# Excel Macro ausführen ohne dass sich Excel öffnet



## JavaBernd (31. August 2010)

Hallo Zusammen,

ich verwende ein Excel-Macro um automatisiert Werte in ein Sheet eintragen zu lassen und die Datei dann unter einem anderen Namen abzuspeichern. Mein Macro wird beim öffnen durch das open-event direkt ausgeführt (wenn eine spezielle Umgebungsvariable gesetzt ist) und schließt das Fenster danach auch wieder.

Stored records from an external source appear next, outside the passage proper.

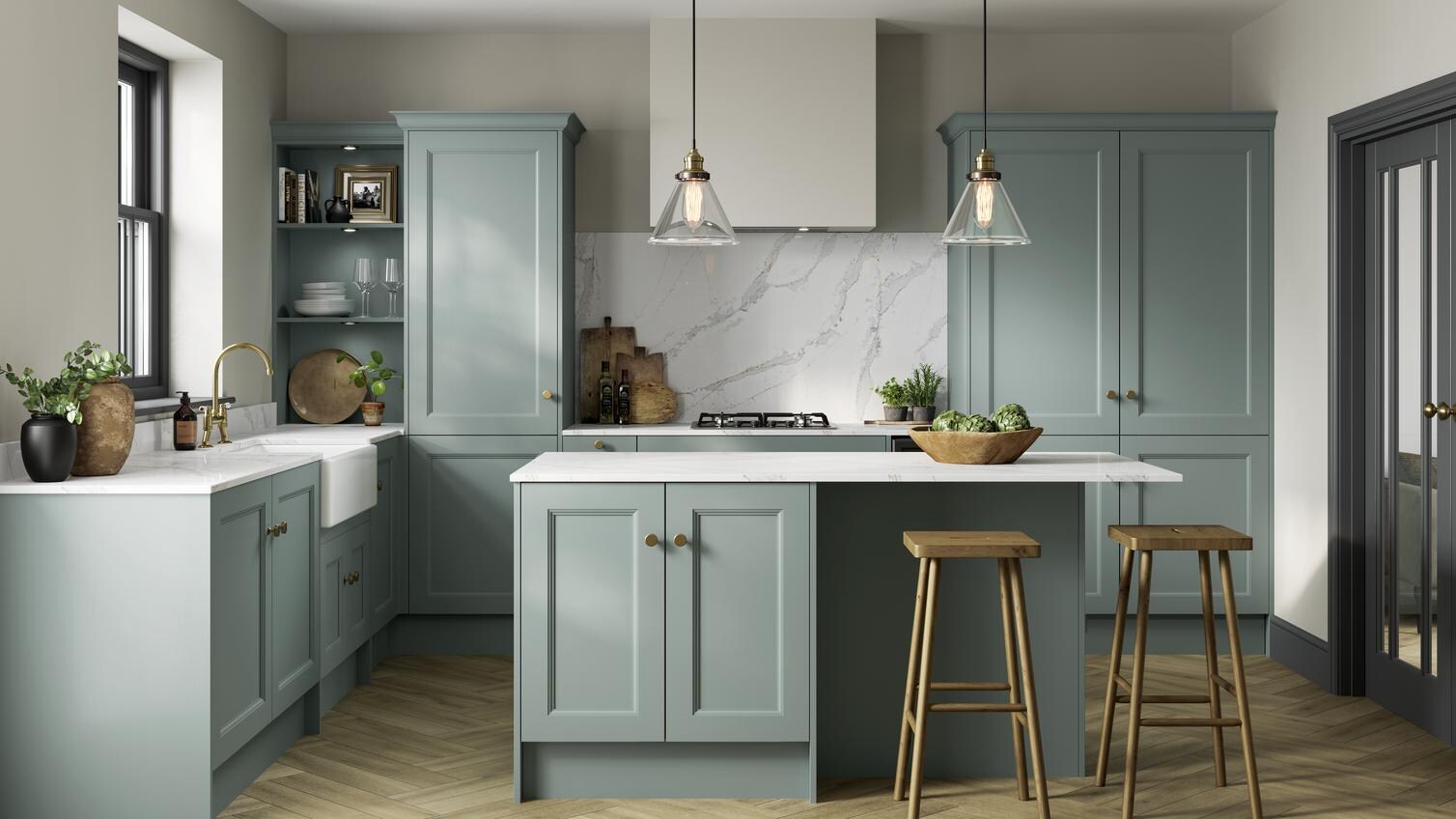 An l-shaped shaker kitchen, with a seafoam blue finish. It has a kitchen island, brass accessories, and oak-style flooring.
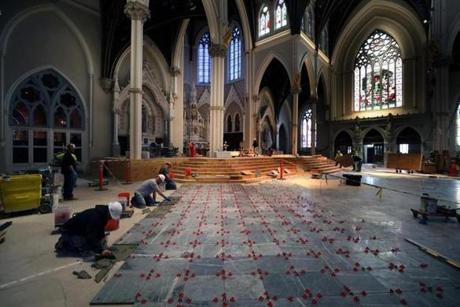 As part of the renovation of the Cathedral of the Holy Cross in Boston, workmen are installing the new marble floors, original pews, exterior lighting, and video and audio technologies.

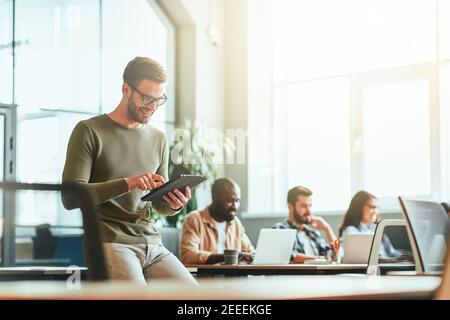 Joyous young gentleman using his tablet for work Stock Photo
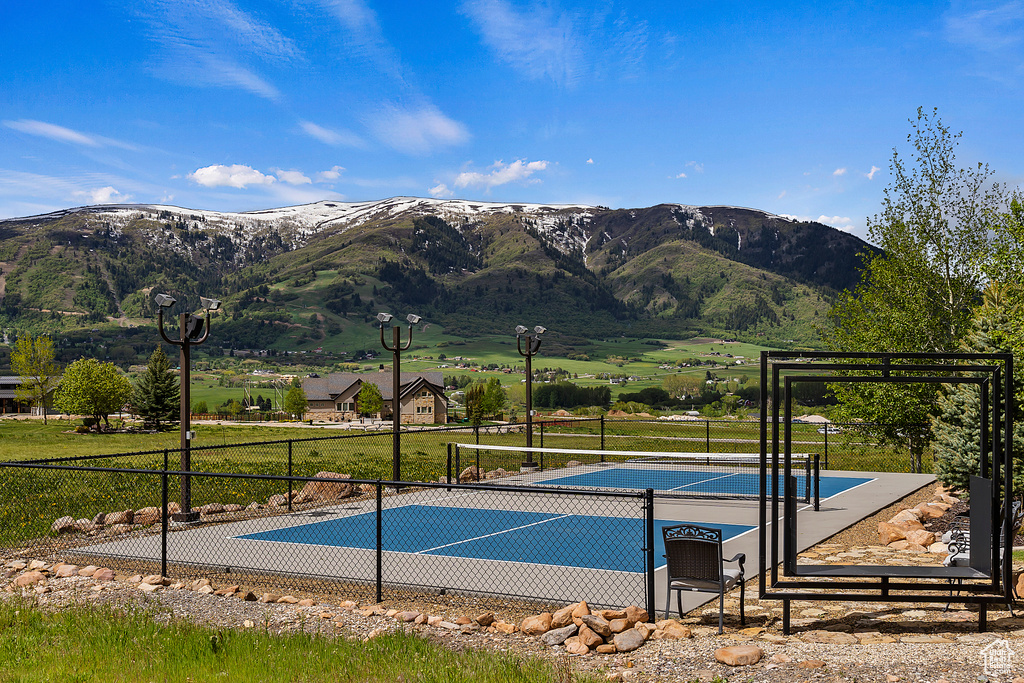View of pool with a tennis court and a mountain view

Das funktioniert alles wunderbar. 

Mein Problem... bzw. meine Frage: Ist es möglich, und wenn ja, wie, das Macro auszuführen, ohne dass sich Excel öffnet (also das Fenster aufgeht)?
Das stört schon ziemlich, vor allem, weil es als Automatisierung einer Benutzereingabe gedacht ist... Und Benutzer sehen nicht gerne ein auf- und danach schnell zugehendes Excel-Sheet.

Vielen Dank für Eure Hilfe!
JavaBernd


----------



## tombe (31. August 2010)

Schau mal ob du mit Application.Visible = True/False gleich zu Beginn bzw. am Ende des Makros etwas machen kannst.


----------



## Yaslaw (31. August 2010)

Oder lagere das ganz in vbscript aus. Dann hast du eine Scriptdatei die das ganze aussführt un darin kannst du die Applikation als visible=false setzen


----------



## JavaBernd (31. August 2010)

Hallo Zusammen,

Application.Visible=False verkürzt  zwar die Zeit, die Excel angezeigt wird um einiges.. aber ein Aufflackern ist immer noch da.
Die Idee mit VBScript klingt gut. Ich werd mal nach Code suchen und es ausprobieren.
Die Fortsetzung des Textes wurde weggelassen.